Microsoft word - 2011 ncsea keynote by justice leah ward sears

The following is the text of the speech given by retired Georgia Supreme Court Chief
Justice Leah Ward Sears at the Opening Plenary of the 2011 National Child Support
Enforcement Association (NCSEA) Conference in Atlanta, Georgia on August 1, 2011.

Thank you, Commissioner Clyde Reese for that gracious introduction. And thank you to the National Child
Support Enforcement Association for the opportunity to address this very important training conference of
child support professionals.
As some of you may know, I retired from the judiciary 2 years ago with over 27 years on the bench. When
I was a judge, I had a standard speech: I can't make a parent be a good mother or father. I can't make an
adult walk the floor with a sick child, drive to soccer games and sit through them, run to Walgreen's at
midnight to pick up a prescription, help with homework, go to a Boy Scout potluck dinner, or even do
something as simple as smile at a child. But what I can do is squeeze a parent hard enough that money
comes out, or send him or her to prison. And I had to do this many times.

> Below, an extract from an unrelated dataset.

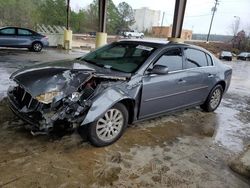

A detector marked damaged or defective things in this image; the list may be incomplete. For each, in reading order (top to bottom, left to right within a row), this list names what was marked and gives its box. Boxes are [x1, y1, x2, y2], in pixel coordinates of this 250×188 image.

front end damage [6, 67, 128, 134]
crumpled hood [9, 58, 130, 97]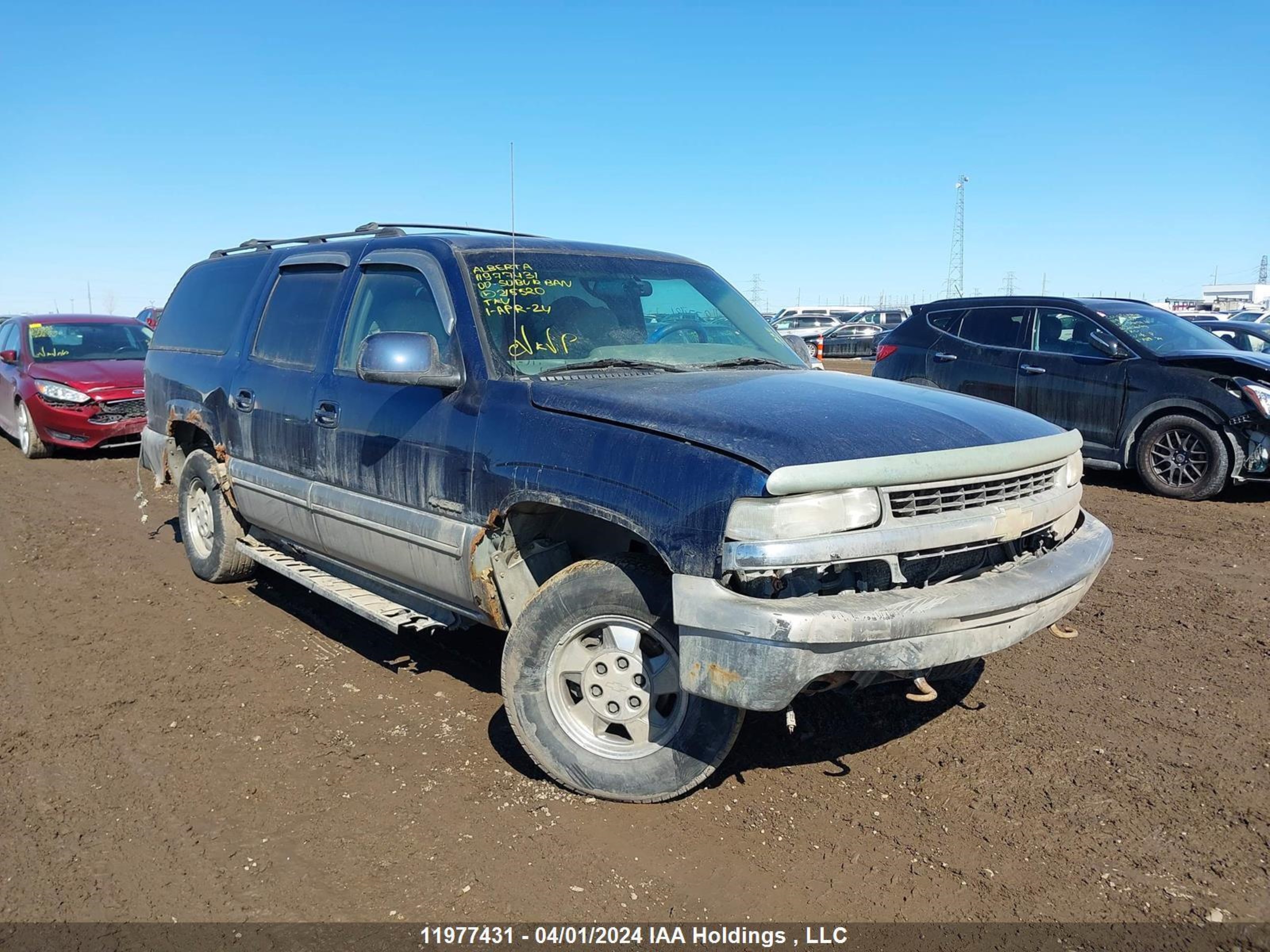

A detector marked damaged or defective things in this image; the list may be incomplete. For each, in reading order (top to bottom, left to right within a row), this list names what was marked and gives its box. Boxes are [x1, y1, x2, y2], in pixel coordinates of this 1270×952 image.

When I gave this speech in court it was never really polished, as I was usually firing it rapidly at a dazed
and confused custodial parent about five minutes before I walked into another hearing to hold another
parent’s feet to the fire for failing to support her kids. I was distressed, often, by the limits of what I could
do as a state judge to target those who chose to float away and let someone else pick up the tab for their
children, because I knew that when either a father or a mother skipped out on his or her family, it had
lifelong repercussions on a lot of lives.
The ramifications were never just about an irresponsible parent failing to make his or her support
payments. They were also about how the parent who stayed with the children had to work two jobs, never
caught a break and sometimes had to take government assistance. Sometimes it was about a 10-year-
old child coming to court with Mom, Smiling, but nervous with anticipation, wondering if the father who's
been gone for months will even recognize her. It was also about how the kids often felt abandoned -- how
their world fell apart when Dad left. And, yes, it was mostly men who did the leaving. Men who were not
providing the support that they should be. I’m not talking about money.
“Fatherlessness is the most harmful demographic trend of this generation. It is the leading cause of
declining child well-being in our society.” This from David Blankenhorn,of the Institute for American
Values in New York City. He writes that “the United States is becoming an increasingly fatherless society.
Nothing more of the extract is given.